At the end of April, I-Club-List subscribers Paul Schneider and C.H. Hodgkin got in a friendly online discussion about the importance of monitoring a company's cash flow.

Schneider, who thanks his understanding of the games accountants play with cash flow balance sheets for protecting him from several bad buys, advocated that fellow list members also learn how to recognize when cash flow isn't up to snuff.

Meanwhile Hodgkin was a little more skeptical, arguing that while cash flow is a factor, it too can be manipulated by a company intent on mischief, so a busy investor should look at other factors first.

Who's right?

Both. If managers didn't play these games, earnings would be a better indicator, but cash flow is much harder to manipulate, says Ed Ketz, an associate professor of accounting at Penn State University's Smeal College of Business and an expert on accounting fraud. So you need to look at cash flow because it's the real thing.

Why is cash flow so important? One reason is that you don't need to be an accounting genius to figure it out. Cash flow is crucial and people can look at it without performing a lot of complex calculations, says Jordan E. Goodman, author of Reading Between the Lies: How To Detect Fraud and Avoid Becoming a Victim of Wall Street's Next Scandal.

Goodman says that companies that generate excess cash flow have the potential to accomplish all kinds of good things, including:

  • Raise their dividend payments.
  • Repurchase company shares.
  • Make strategic acquisitions.
  • Ride out rough times without adopting short-term strategies to alleviate cash shortages that aren't in the long-term interest of the company.
  • Be acquired because of their strong financial position.

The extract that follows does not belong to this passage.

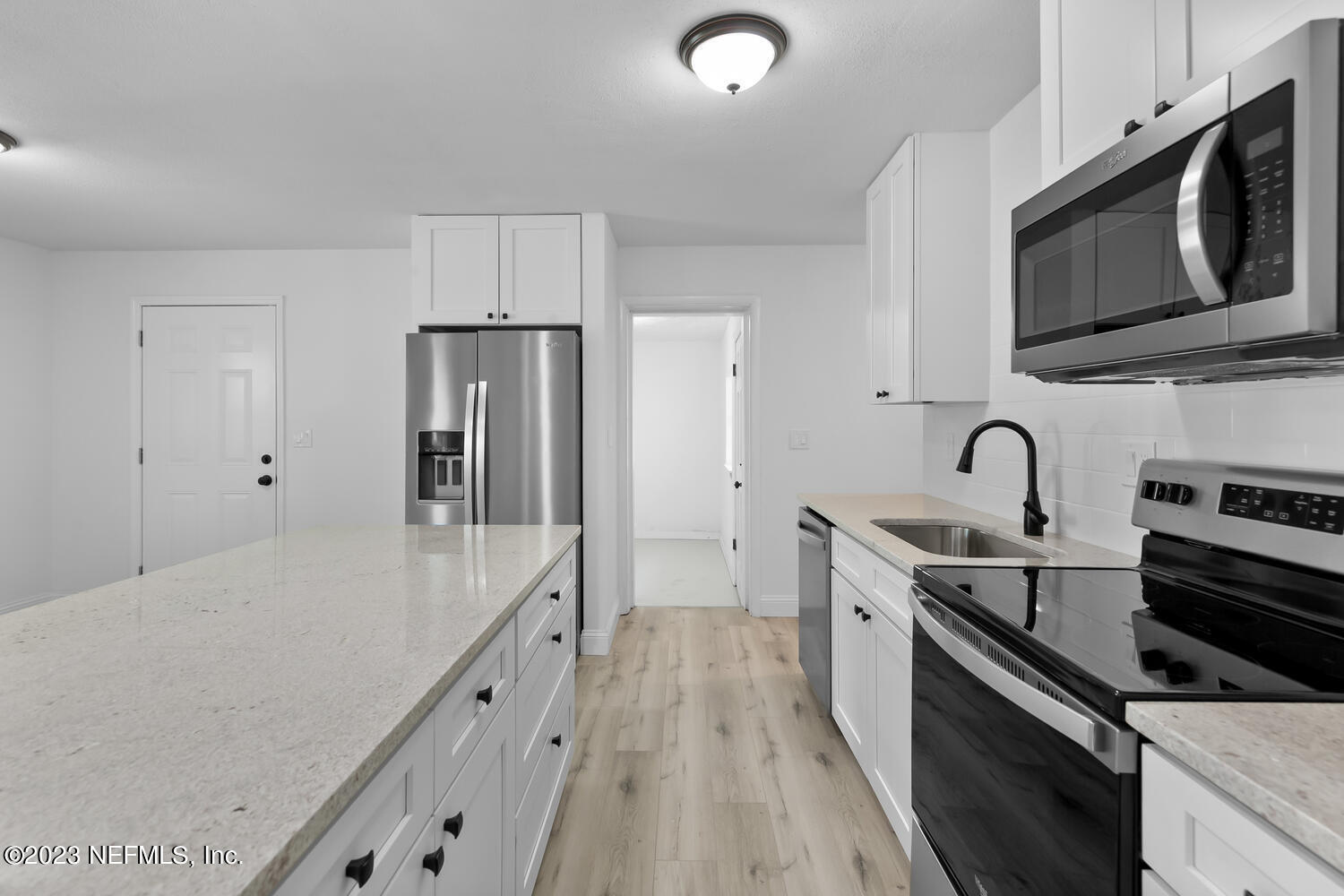 1153 KNOBB HILL Drive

What exactly is cash flow?

Ellis Traub explains cash flow this way: "Just as the income statement is a measure of activity over a period of time, so is a cash flow statement. This means it has a starting place and an ending place.

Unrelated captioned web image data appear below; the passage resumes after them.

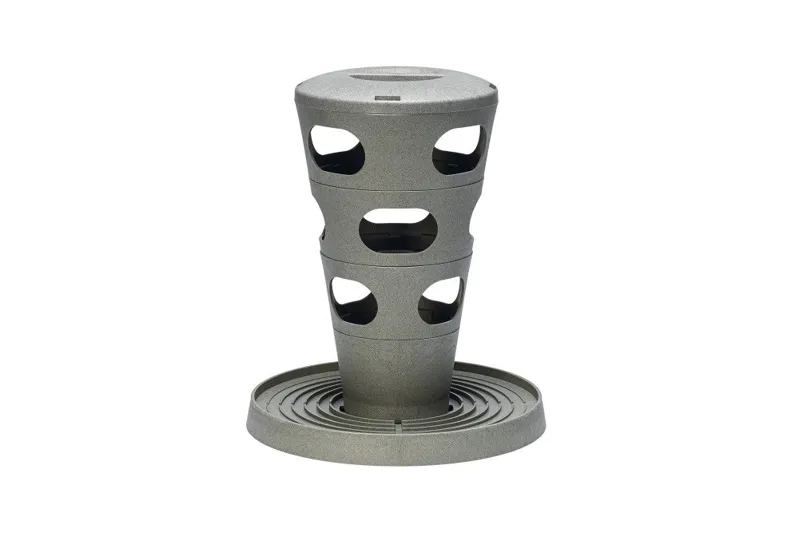 Beeztees Chicken Feed Tower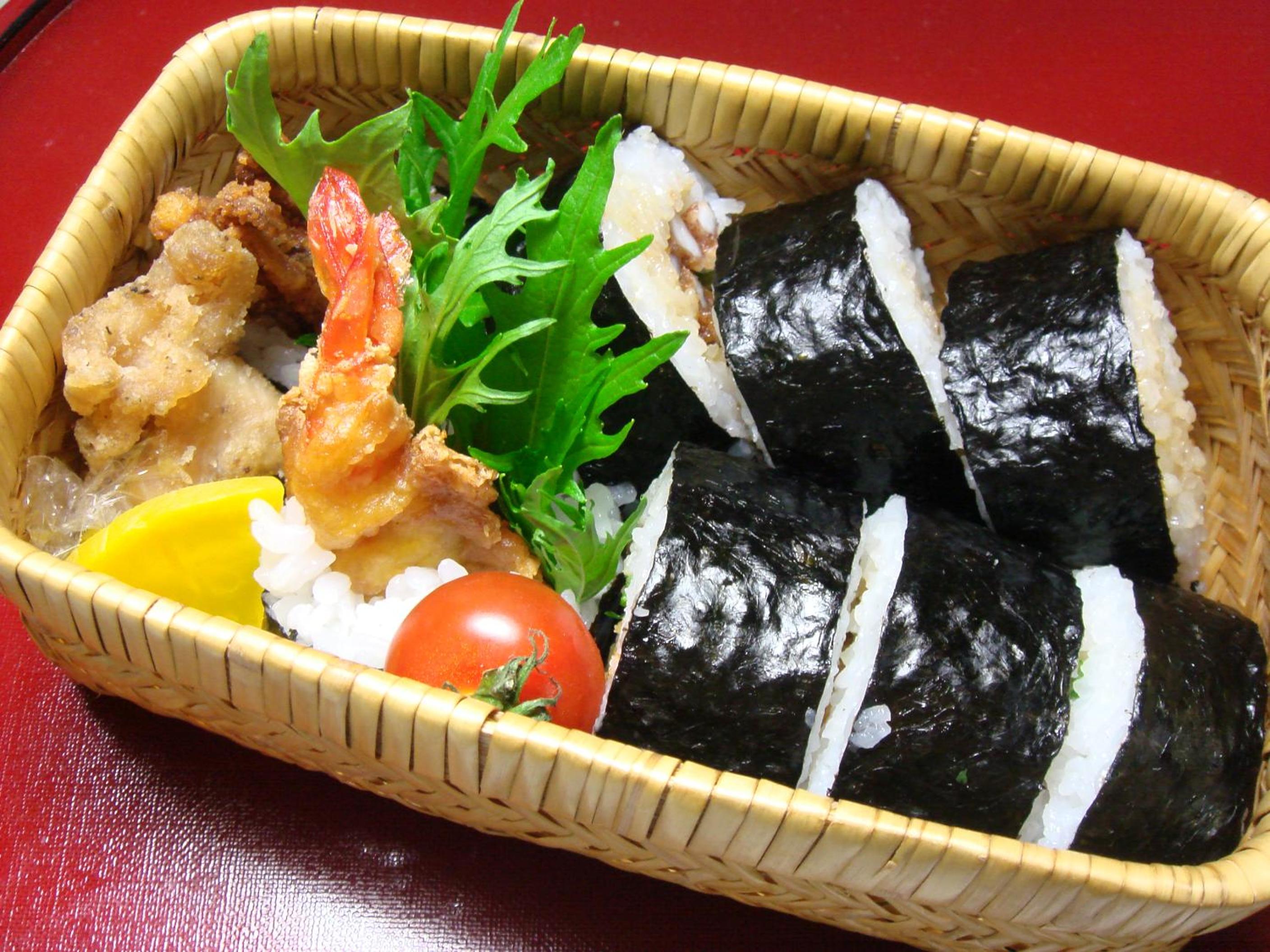 Schole Hakuba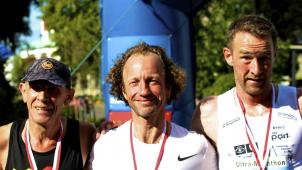 <p>André Collet (m.) sicherte sich den Sieg vor Leo Smets (l.), Stephan Langer (r.) wurde Dritter.</p>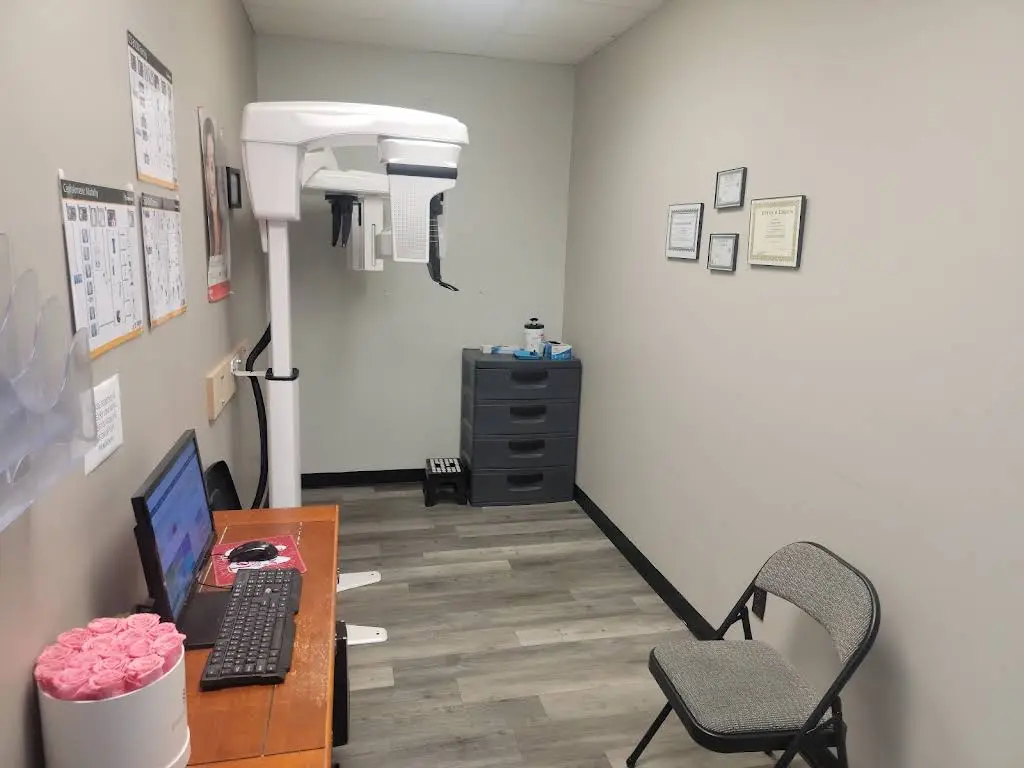 Everyone's Family Dental - Dixon - Professional dental clinic exterior with modern facilities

"Think of a company as a cigar box into which the coins are thrown when they're taken in and they're taken out to pay the expenses. You can either count the coins as they go in or you can count them when you start and when you finish. In either case, you know what happened during the time elapsed."

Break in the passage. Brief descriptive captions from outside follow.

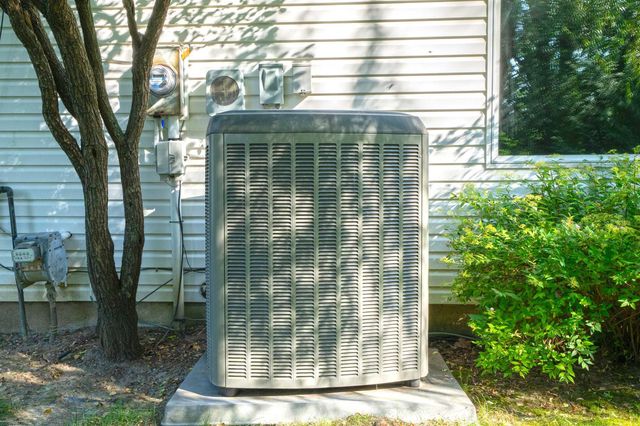 2700 Renshaw Drive, Troy, MI 48085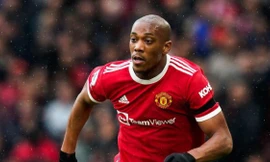 Tiền đạo Martial chấp nhận giảm lương để đào tẩu khỏi MU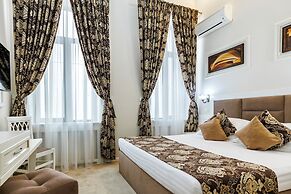 La Strada Boutique Villa
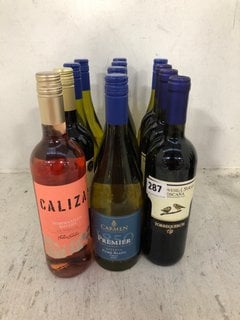 12 X ASSORTED BOTTLES OF WINE TO INCLUDE CARMEN PREMIER RESERVA FUME BLANC 2022 WHITE WINE 75CL 12.5% ALC VOL (WE OPERATE A CHALLENGE 25 POLICY. 18+ ID MAY BE REQUIRED UPON COLLECTION/DELIVERY, E.G.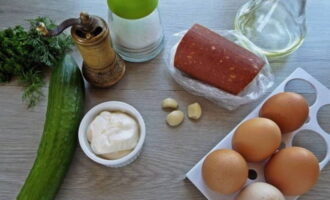 Before starting cooking, lay out all the necessary products on the work table.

Here's a (only slightly) more complicated explanation:

Every quarter, a public company is required to release a cash-flow statement. It's similar to what the bank sends you each month reporting on activity in a checking account ? how many deposits you've made, how many checks you've written, fees charged, etc.

A cash-flow statement has three parts:

  • Cash from operating activities, which is sales and collections.
  • Cash from investing activities, which is earnings from stocks and bonds.
  • Cash from financing activities, which are loans or sales of stock.

Two other basic facts about cash flow worth knowing:

Generally accepted accounting principles (GAAP) require a company to report earnings a little differently from the way most of us probably report it in our personal accounts. A company has to recognize revenue when the transaction occurs ? that is, whether it was actually paid or is still waiting, the company has to record the income.

Also, the cost of a transaction must be recognized over the same period of time that the revenue associated with the cost is generated. For instance, if a company was paid for work, the cost of materials has to be recorded as if it that money had been spent, even though the job may not have been accomplished yet.

In many cases you hope that a company's cash from operating activities is a positive number while the other two numbers -- cash from investing and financing activities -- are negative numbers. Why? An established business in good financial shape finances new investments internally and pays down debt with existing cash.

If a lot of people had been staring critically at Enron's cash flow for the last two years before the bankruptcy, they would have noticed that the cash flow from operations was negative for both those years, Ketz says. Red flags should have gone up.

Another situation that might attract an investor's attention, Ketz says, is when a company's revenues are going up while the cash flow is going down.